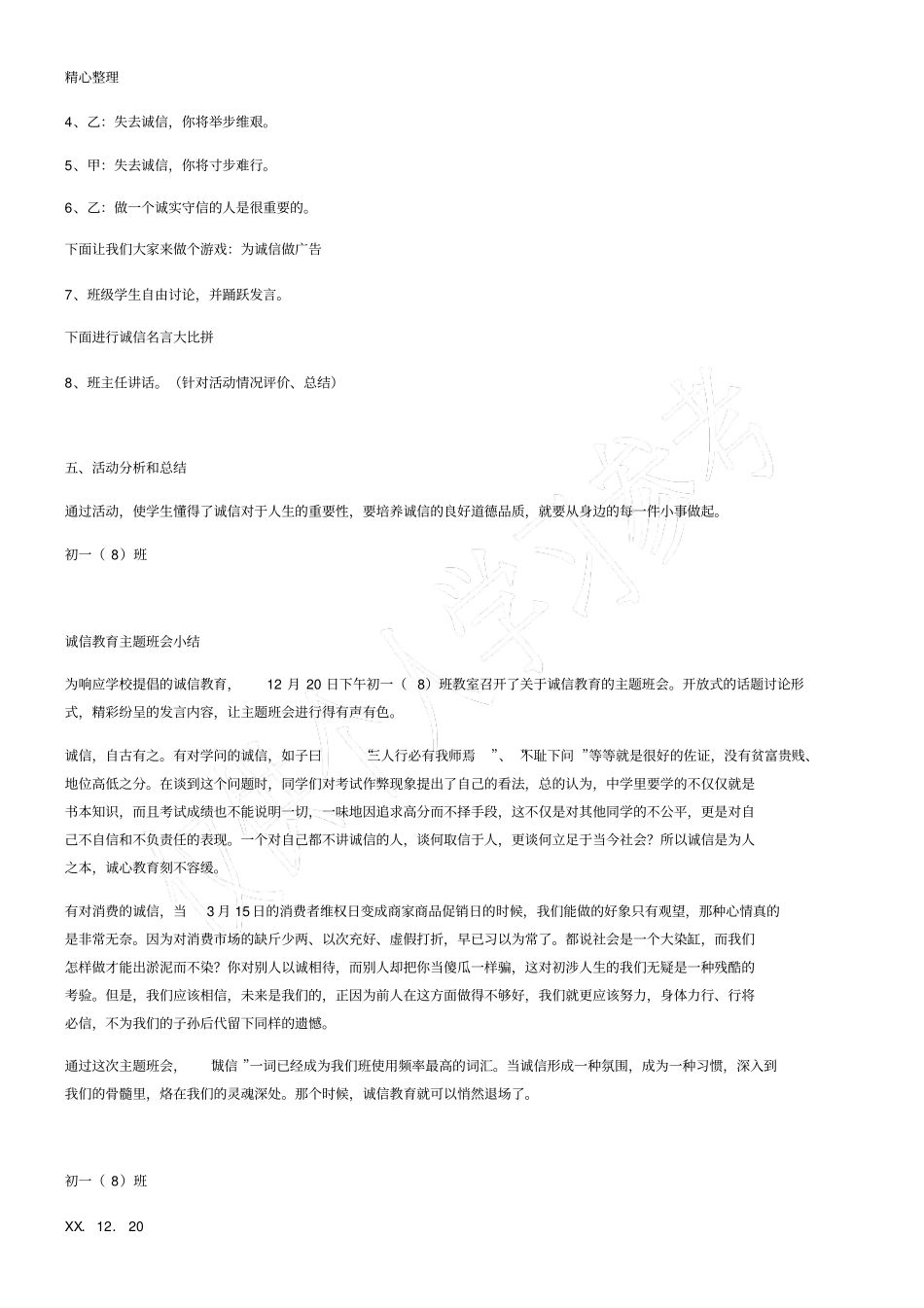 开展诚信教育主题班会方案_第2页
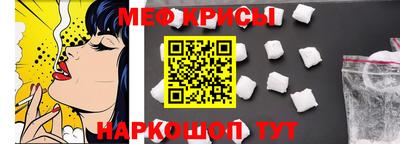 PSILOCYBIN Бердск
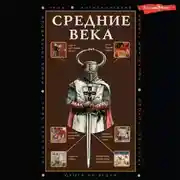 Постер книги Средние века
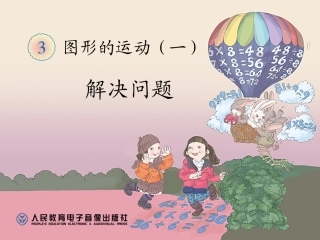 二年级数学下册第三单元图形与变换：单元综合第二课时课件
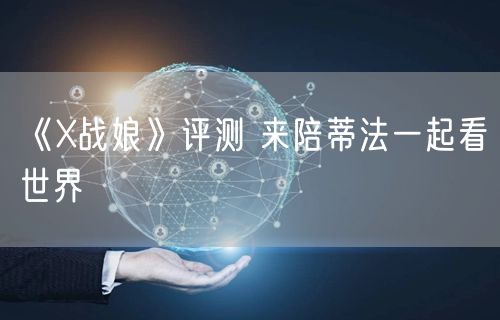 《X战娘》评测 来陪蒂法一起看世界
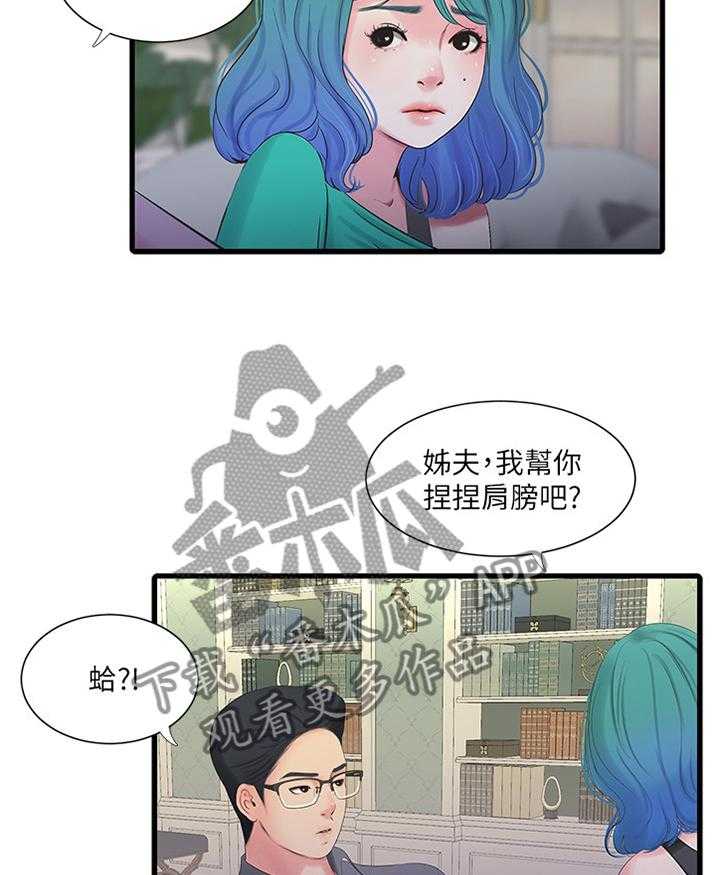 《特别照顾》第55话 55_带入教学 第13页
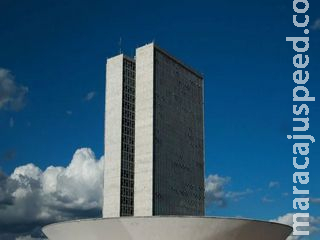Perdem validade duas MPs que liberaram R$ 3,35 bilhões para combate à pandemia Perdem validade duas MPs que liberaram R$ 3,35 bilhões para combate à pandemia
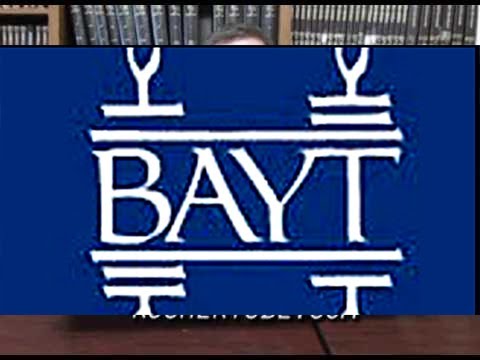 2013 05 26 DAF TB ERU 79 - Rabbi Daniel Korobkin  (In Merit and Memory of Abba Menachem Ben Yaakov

---

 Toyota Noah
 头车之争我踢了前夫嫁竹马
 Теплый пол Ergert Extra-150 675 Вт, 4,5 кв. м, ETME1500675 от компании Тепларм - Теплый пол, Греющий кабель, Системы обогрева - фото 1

Exercise instructions
Beginning with the line that contains "开展诚信教育主题班会方案_第2页", write out the lines of the material above exactly, and end with the line that contains "à pandemia Perdem". Omit the pictures.

Result of the exercise
 开展诚信教育主题班会方案_第2页
 PSILOCYBIN Бердск
 Постер книги Средние века
 二年级数学下册第三单元图形与变换：单元综合第二课时课件
 《X战娘》评测 来陪蒂法一起看世界
 《特别照顾》第55话 55_带入教学 第13页
Perdem validade duas MPs que liberaram R$ 3,35 bilhões para combate à pandemia Perdem validade duas MPs que liberaram R$ 3,35 bilhões para combate à pandemia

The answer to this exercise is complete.